Configuration structure for an External Bus Interface (EBI) chip select. More...

#include <ebi.h>

Public Attributes
uint8_t	ncs_rd_setup
uint8_t	nrd_setup
uint8_t	ncs_wr_setup
uint8_t	nwe_setup
uint8_t	ncs_rd_pulse
uint8_t	nrd_pulse
uint8_t	ncs_wr_pulse
uint8_t	nwe_pulse
uint16_t	nrd_cycles
uint16_t	nwe_cycles
uint8_t	tdf_cycles
EBI_CS_BusWidth_t	busWidth
EBI_CS_ByteAccess_t	byteAccess
EBI_CS_NWait_t	nWait
EBI_CS_WrMode_t	wrMode
EBI_CS_RdMode_t	rdMode

Detailed Description

Configuration structure for an External Bus Interface (EBI) chip select.

This structure defines all timing and control parameters for a single chip select on the External Bus Interface.
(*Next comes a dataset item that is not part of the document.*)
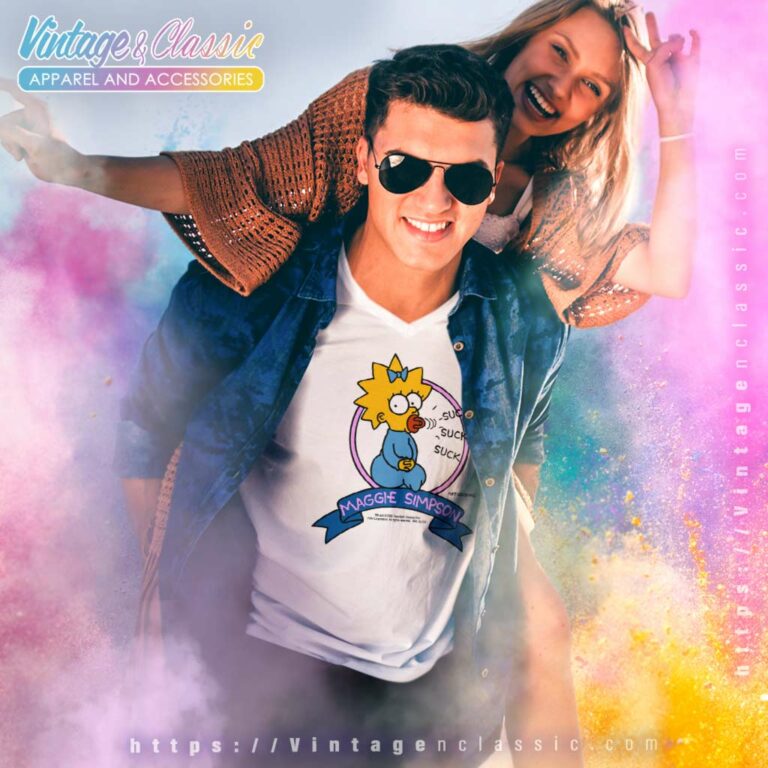 The Simpsons Maggie Simpson Suck V Neck TShirt The Simpsons Maggie Simpson Suck V Neck TShirt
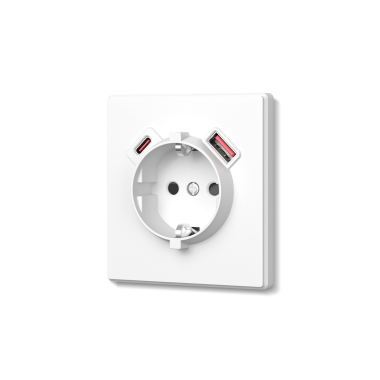 Розетка одинарна із заземленням USB-A+C 20W біла матова VIDEX NOTA (VF-NT-SK1GUC-WH) - photo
It controls setup times, pulse widths, cycle lengths, and operational modes for interfacing with external memory or peripheral devices.

The timing parameters are specified in clock cycles and use formulas to extend the range of values that can be represented in the limited bit fields.

Note

All timing values are expressed in EBI clock cycles. Calculate actual times by dividing by your EBI clock frequency.

Setup + Pulse widths should not exceed the total cycle length. The hold time is implicitly: Hold = Total_Cycles - (Setup + Pulse)

Warning

Incorrect timing configuration can result in data corruption, device malfunction, or bus hangs. Always consult your external device datasheet for minimum timing requirements.

Timing Diagram Reference

Read Cycle:

NCS:   ────┐                   ┌──────
           │                   │
           └───────────────────┘
           │<-setup->│<─pulse->│<hold>│
NRD:   ────────┐           ┌──────────
               │           │
               └───────────┘
               │<-setup->│<-pulse->│
DATA:  ------------X===VALID===X------
                               │<TDF>│
       │<--------- nrd_cycles --------->│

Write Cycle:

NCS:   ──────┐                   ┌──────
             │                   │
             └───────────────────┘
             │<-setup->│<-pulse->│<hold>│
              
 NWE:   ────────────┐           ┌─────────
                    │           │
                    └───────────┘
                    │<-setup->│<-pulse->│
                    
 DATA:  ------------X===VALID===X---------
        │<---------- nrd_cycles --------->│

See also

EBI_CS_BusWidth_t

EBI_CS_ByteAccess_t

EBI_CS_NWait_t

EBI_CS_WrMode_t

EBI_CS_RdMode_t

---

Expand for Example Usage

Examples

Example 1: Fast SRAM configuration (70ns access time)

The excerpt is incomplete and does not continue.